Frustrated magnetism of the maple-leaf-lattice antiferromagnet ${\mathrm{MgMn}}_{3}{\mathrm{O}}_{7}\ifmmode\cdot\else\textperiodcentered\fi{}{3\mathrm{H}}_{2}\mathrm{O}$

Frustrated magnetism of the maple-leaf-lattice antiferromagnet ${MgMn}_{3} O_{7} \cdot {3 H}_{2} O$

Yuya Haraguchi, Akira Matsuo, Koichi Kindo, and Zenji Hiroi

Phys. Rev. B 98, 064412 – Published 13 August 2018

Abstract

We present the novel hydrated layered manganate ${MgMn}_{3} O_{7} \cdot 3 H_{2} O$ as a maple-leaf-lattice (MLL) antiferromagnet candidate. The MLL is obtained by regularly depleting 1/7 of the lattice points from a triangular lattice so that the magnetic connectivity $z = 5$ and is thus intermediately frustrated between the triangular $(z = 6)$ and kagome $(z = 4)$ lattices.

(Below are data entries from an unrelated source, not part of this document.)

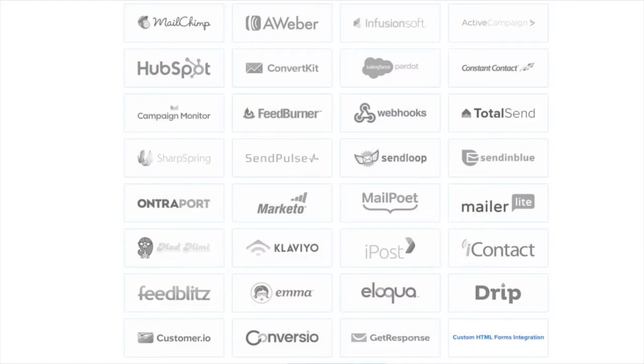We have integrations with all the major email marketing service providers, including MailChimp, Aweber, ConvertKit, and many more.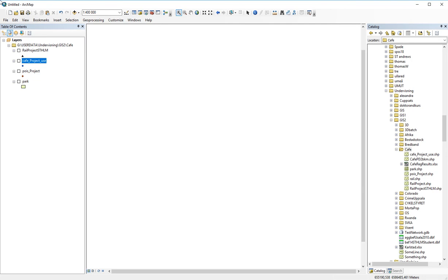In this lesson we are going to make a dataset that could be used for statistical analysis. We are going to start with some preprocessing in GIS.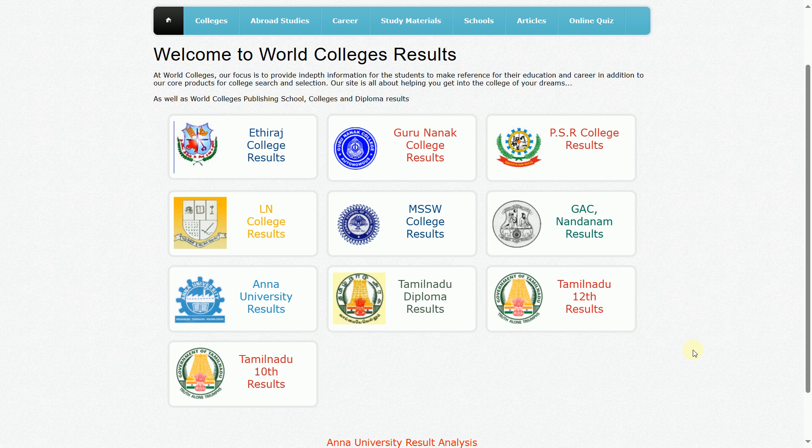If you want to share the information about the video, we will see the results. You can see the results of the 10th. You can see the results of the Tamil engineering results. You can see the results of the private colleges. We will see the exam on the official government website.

In ${MgMn}_{3} O_{7} \cdot 3 H_{2} O$ , the ${Mn}^{4 +}$ ions carrying Heisenberg spin 3/2 form a regular MLL lattice in the quasi-two-dimensional structure. Magnetization and heat capacity measurements using a hydrothermally prepared powder sample reveal successive antiferromagnetic transitions at 5 and 15 K. A high-field magnetization curve up to 60 T at 1.3 K exhibits a multistep plateaulike anomaly. We discuss the unique frustration of the MLL antiferromagnet in which the chiral degree of freedom may play an important role.